Mas ele nunca saiu do papel. E dificilmente sairá, enquanto houver lobby das empresas aéreas e rodoviárias, junto com as de petróleo, para impedi-lo. Vamos continuar queimando estupidamente uma das matérias-primas mais fantásticas para a industrialização no mundo – o petróleo. Queimando, poluindo e aquecendo o planeta. Santa imbecilidade!

Só completos imbecis são capazes de destruir dessa maneira predadora e irresponsável um recurso não renovável tão precioso. Somos todos imbecis, forçam-nos a isso de tal maneira que são muito escassos os que têm noção desse descalabro.

E antes que justa irritação pinte de rubro estas palavras, declaro-me nostálgico da Maria Fumaça e seus apitos melodiosos, de seus belos vagões de primeira e de segunda classe, de seu maravilhoso carro-restaurante. Vou escrever um poema para ela. E um novo conto também.

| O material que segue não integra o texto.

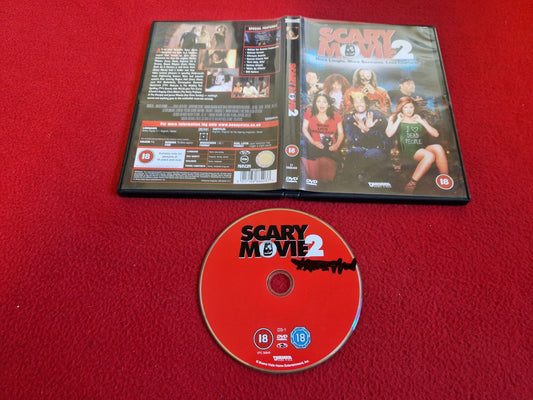SCARY MOVIE 2 DVD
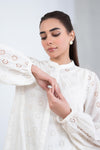 Embroidered Lawn Dress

Enquanto isso não acontece, que fale por mim Zélia Gattai, em “Anarquistas graças a Deus”:

“Mamãe só viajava de 2ª classe. Nesse caso não era por economia e sim por ser ‘muito mais divertido…’. Nos vagões de segunda, era permitido o transporte de volumes grandes e de animais. Viviam sempre apinhados de gente, de bichos e de mercadorias. Todo mundo se atropelava, ao entrar no trem, na ânsia de conseguir sentar — havia o costume de marcar lugar pela janela antes de subir ao vagão —, tropeçando em jacás de frutas e de verduras, em trouxas de roupas, em bujões de leite, em cestas de ovos e em gente mesmo.”